One common misconception pertains to autoscaling, the ability to automatically scale up or down the number of compute resources being allocated to an application based on its needs at any given time. While Azure makes autoscaling much easier in certain configurations, parts of Azure don’t as easily support autoscaling.
For example, if you look at the different application service plans, you will see the lower three tiers (Free, Shared and Basic) do not include support for auto-scaling like the top 4 tiers (Standard and above). And there are ways to design and architect your solution to make use of auto-scaling. The point being, just because your application is running in Azure does not necessarily mean you automatically get autoscaling.
Scale out or scale in
In Azure, you can scale up vertically by changing the size of a VM, but the more popular way Azure scales is to scale-out horizontally by adding more instances. Azure provides horizontal autoscaling via numerous technologies. For example, Azure Cloud Services, the legacy technology, provides autoscaling automatically at the role level. Azure Service Fabric and virtual machines implement autoscaling via virtual machine scale sets. And, as mentioned, Azure App Service has built in autoscaling for certain tiers.
When it is known ahead of time that a certain date or time period (such as Black Friday) will warrant the need for scaling-out horizontally to meet anticipated peak demands, you can create a static scheduled scaling. This is not in the true sense “auto” scaling. Rather, the ability to dynamically and reactively auto-scale is typically based upon runtime metrics that reflect a sudden increase in demand. Monitoring metrics with compensatory instance adjustment actions when a metric reaches a certain value is a traditional way to dynamically auto-scale.
Tools for autoscaling
Azure Monitor provides that metric monitoring with auto-scale capabilities. Azure Cloud Services, VMs, Service Fabric, and VM scale sets can all leverage Azure Monitor to trigger and manage auto-scaling needs via rules. Typically, these scaling rules are based on related memory, disk and CPU-based metrics.

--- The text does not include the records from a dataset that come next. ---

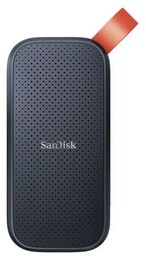 SANDISK Portable SSD 1TB USB 3.2 Czarny Dysk
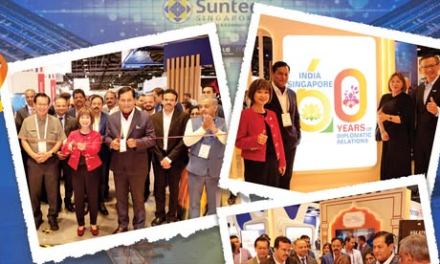 India Pavilion Launched at Singapore Maritime Week 2025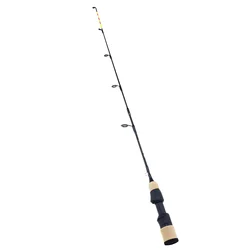 2 Sections Ultra Short Light Portable 55cm Winter Ice Fishing Rods 3 Tips Spinning Rod Carbon Fiber Ice Pole Carp Fish Rods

For applications that require custom autoscaling, it can be done using metrics from Application Insights. When you create an Azure application and you want to scale it, you should make sure to enable App Insights for proper scaling. You can create a customer metric in code and then set up an autoscale rule using that custom metric via metric source of Application Insights in the portal.

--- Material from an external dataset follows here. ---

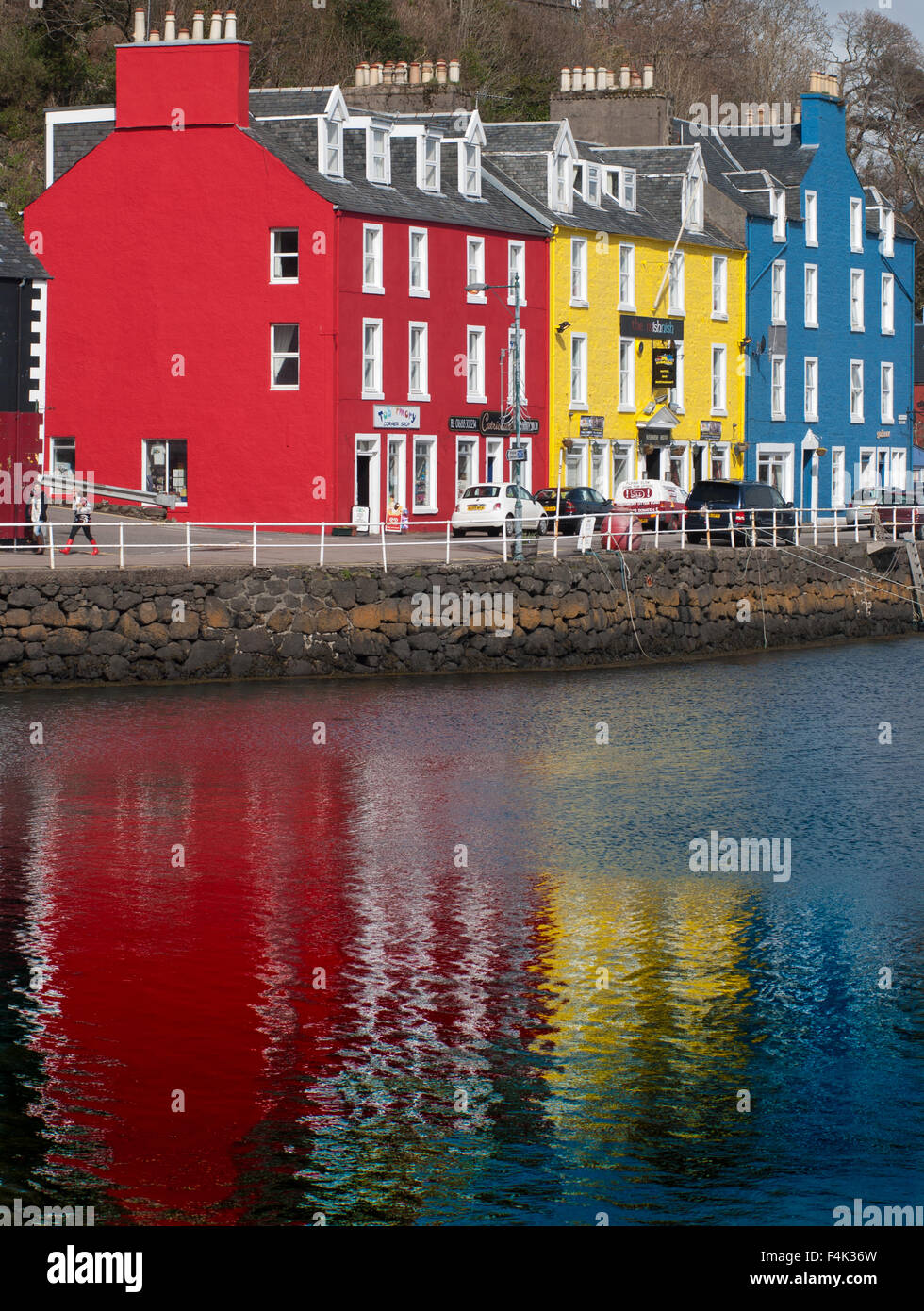 Tobermory Isle of Mull, Schottland Stockfoto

Design considerations for autoscaling
When writing an application that you know will be auto-scaled at some point, there are a few base implementation concepts you might want to consider:
- Use durable storage to store your shared data across instances. That way any instance can access the storage location and you don’t have instance affinity to a storage entity.
- Seek to use only stateless services. That way you don’t have to make any assumptions on which service instance will access data or handle a message.

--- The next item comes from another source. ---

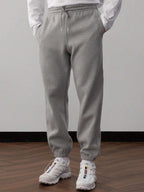 Leon | Men's fleece tracksuit with hoodie and trousers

- Realize that different parts of the system have different scaling requirements (which is one of the main motivators behind microservices). You should separate them into smaller discrete and independent units so they can be scaled independently.
- Avoid any operations or tasks that are long-running. This can be facilitated by decomposing a long-running task into a group of smaller units that can be scaled as needed. You can use what’s called a Pipes and Filters pattern to convert a complex process into units that can be scaled independently.
Autoscaling can be used to keep the provisioned resources matched to user needs at any given time. But while autoscaling can trigger the provisioning of additional resources as needs dictate, this provisioning isn’t immediate. If demand unexpectedly increases quickly, there can be a window where there’s a resource deficit because they cannot be provisioned fast enough.
An alternative strategy to auto-scaling is to allow applications to use resources only up to a limit and then “throttle” them when this limit is reached. Throttling may need to occur when scaling up or down since that’s the period when resources are being allocated (scale up) and released (scale down).
The system should monitor how it’s using resources so that, when usage exceeds the threshold, it can throttle requests from one or more users. This will enable the system to continue functioning and meet any service level agreements (SLAs). You need to consider throttling and scaling together when figuring out your auto-scaling architecture.
Of course, auto-scaling won’t do you much good if the problem you are trying to address stems from the fact that your application is based on a single cloud instance. Since there is only one shared instance, a traditional singleton object goes against the positives of the multi-instance high scalability approach of the cloud. Every client uses that same single shared instance and a bottleneck will typically occur. Scalability is thus not good in this case so try to avoid a traditional singleton instance if possible.
But if you do need to have a singleton object, instead create a stateful object using Service Fabric with its state shared across all the different instances. A singleton object is defined by its single state. So, we can have many instances of the object sharing state between them. Service Fabric maintains the state automatically, so we don’t have to worry about it.
The Service Fabric object type to create is either a stateless web service or a worker service. This works like a worker role in an Azure Cloud Service.